No início da década de 1960, a televisão brasileira ainda engatinhava para encontrar uma linguagem própria. Parte do sucesso do meio, que se popularizava massivamente, vinha do humor, em programas como Praça da Alegria (1957), Oh! Que Delícia de Show! (1963) e A-E-I-O-Urca (1963). O último marcava a estreia de Renato Aragão, um jovem humorista cearense que sonhava em fazer cinema.
Na TV Tupi, como descrevem Luís Joly e Paulo Franco no livro Os Adoráveis Trapalhões, o comediante conheceu Manfried SantAnna. Oriundo do circo, o profissional era conhecido como Dedé e tinha uma breve passagem pelo universo cinematográfico. A empatia imediata da dupla daria início a uma parceria que resultaria nos filmes Na Onda do Iê-Iê-Iê (1966), A Ilha dos Paqueras (1970) e Ali Babá e os 40 Ladrões (1972).
O sucesso nas telonas fez com que os dois adotassem o título de Os Trapalhões, um dos nomes do programa que mantinham na televisão, quando Aragão interpretava o personagem Didi. Na segunda metade da década de 1970, o Mussum de Antônio Carlos (1941-1994) e o Zacarias de Mauro Faccio (1934-1990) entrariam para o grupo, que se tornou um dos fenômenos mais importantes do cinema nacional.
No escurinho
Enquanto mantinha uma carreira dedicada à televisão, o quarteto realizou cerca de 20 filmes juntos até 1990. Tamanha produtividade é um feito para poucos comediantes Brasil afora. A nível de comparação, os Irmãos Marx dividiram a tela 15 vezes entre 1929 e 1957. Isso quando incluímos as produções em que apareciam somente Harpo, Chico e Groucho, após a saída de Zeppo, em meados de 1935. Como quarteto, o time esteve completo em apenas seis obras.

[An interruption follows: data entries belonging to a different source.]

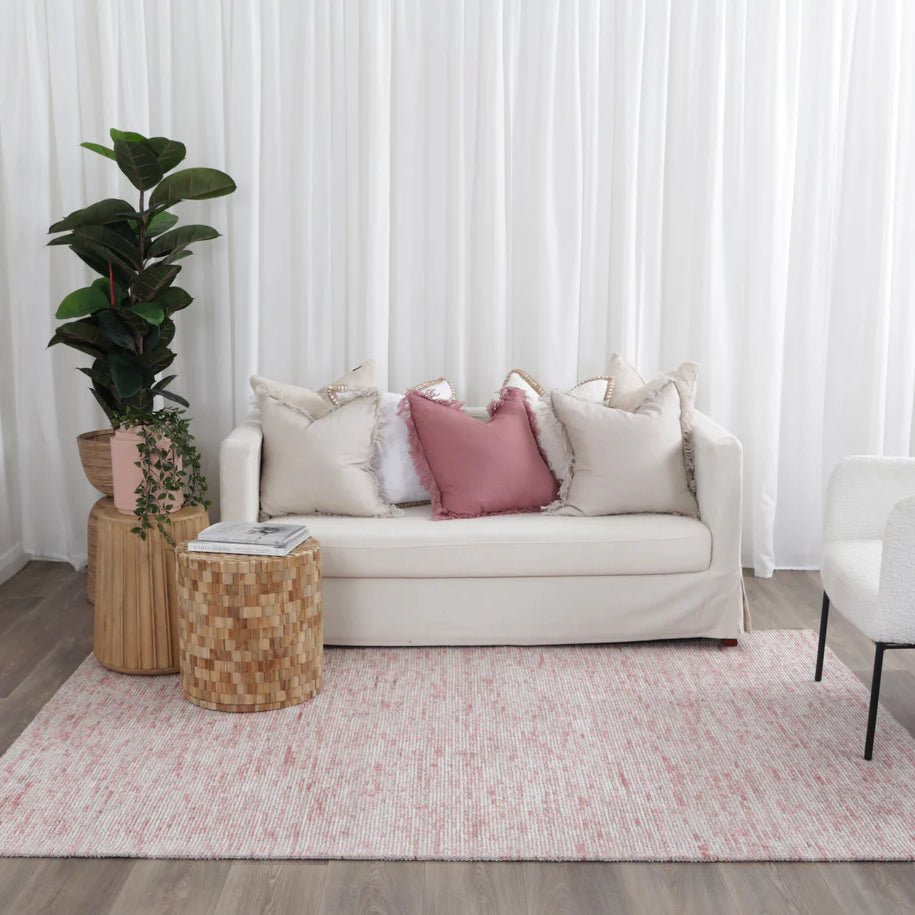 Living room with a beige sofa, pink cushions, and a plant on a wooden side table.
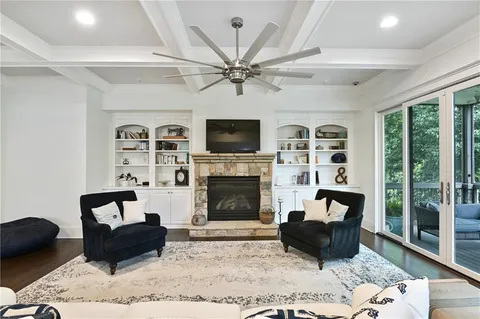 a large kitchen with a table and chairs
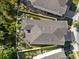 Aerial view of home, putting green, and wooded area at 14138 Alafaya Oak Bnd, Orlando, FL 32828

Um grupo mais recente de parcerias é o Frat Pack, composto por atores como Ben Stiller, Jack Black, Owen Wilson, Will Ferrell, Vince Vaughn e Steve Carell. Desde meados de 1995, o time de amigos estrelou 30 filmes, mas a maioria tinha apenas um par deles em cena. Nenhuma vez eles atuaram todos juntos.
Personagens
"Essa unidade de Os Trapalhões talvez nem seja o mais importante na filmografia deles. O que realmente é impressionante é o fato de fazerem dezenas de produções e manterem sempre o mesmo personagem. E isso ao longo de décadas", avalia o jornalista Rodrigo Pereira, pesquisador do cinema popular brasileiro.

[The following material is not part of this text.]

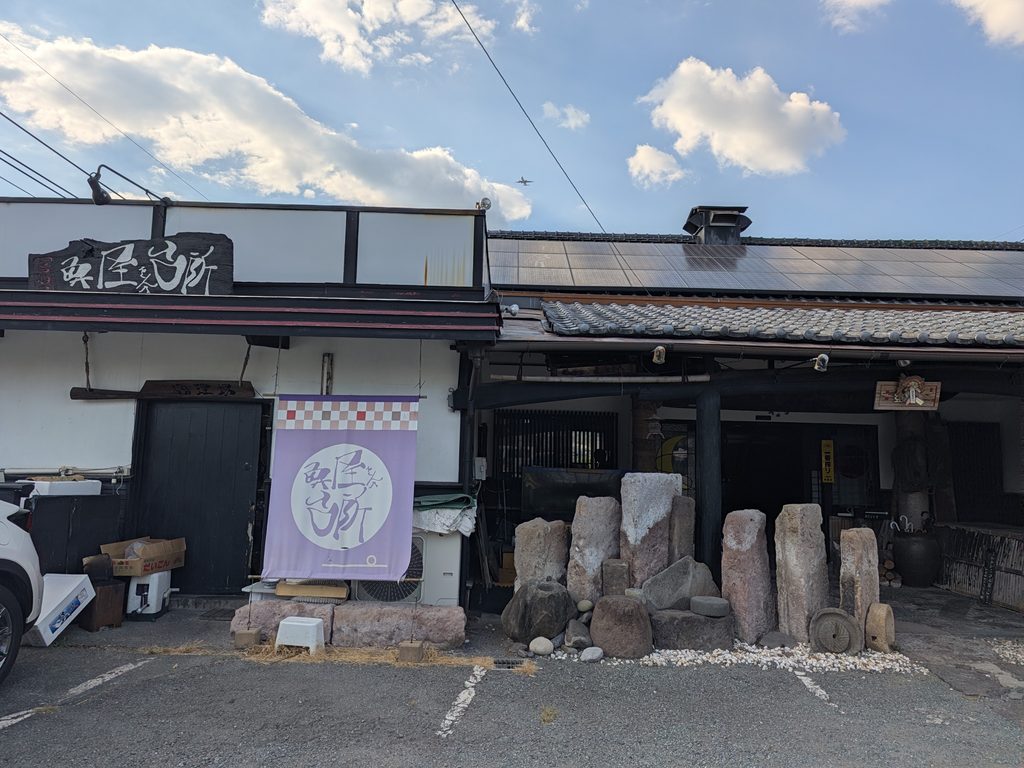 熊本市東区下南部の居酒屋「魚屋さんの台所」の外観と紫の暖簾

Tal feito não ocorre com parcerias como a dos britânicos do Monty Phyton ou dos humoristas norte-americanos John Belushi, Dan Aykroyd e Harold Ramis no início de 1980. Isso porque, embora esses grupos tenham feitos obras importantes, em cada uma delas, os humoristas interpretavam figuras diferentes.

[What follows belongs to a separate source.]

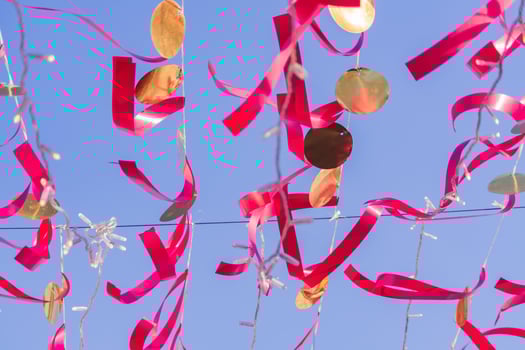 red festive ribbons and gold circles against blue sky. Colorful garland for event decoration photo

"São quase 50 filmes se levarmos em conta os feitos somente com o personagem Didi. Não consigo imaginar ninguém no mundo com o mesmo legado", comenta o pesquisador Rafael Bona, autor de uma tese de doutorado sobre o tema.
No Brasil, outros comediantes tinham tido sucesso com parcerias duradouras, embora nenhuma possa se comparar em longevidade. Uma das mais importantes para o cinema popular era a de Oscarito e Grande Otelo. O próprio Renato Aragão admitiu que se deixou influenciar pelo trabalho da dupla.
A estratégia de dividir a tela sempre com o mesmo time é tão antiga quanto o próprio cinema sonoro nacional. O primeiro longa do gênero foi Acabaram-se os Otários (1929), protagonizado por Genésio Arruda e Tom Bill, humoristas que atuavam juntos no teatro. Os dois também apareceram juntos em outras produções no da década de 1930.
Nas décadas de 1960 e 1970, o sucesso de Os Trapalhões levou os produtores a criarem estratégias para aproveitar a onda. Filmes como O Homem de Seis Milhões de Cruzeiros contra as Panteras (1978), Os Pankekas e o Calhambeque de Ouro (1979) e Os Paspalhões e Pinóquio 2000 (1982). Mas nenhum teve o êxito dos filmes do grupo de Didi, Dedé, Mussum e Zacarias.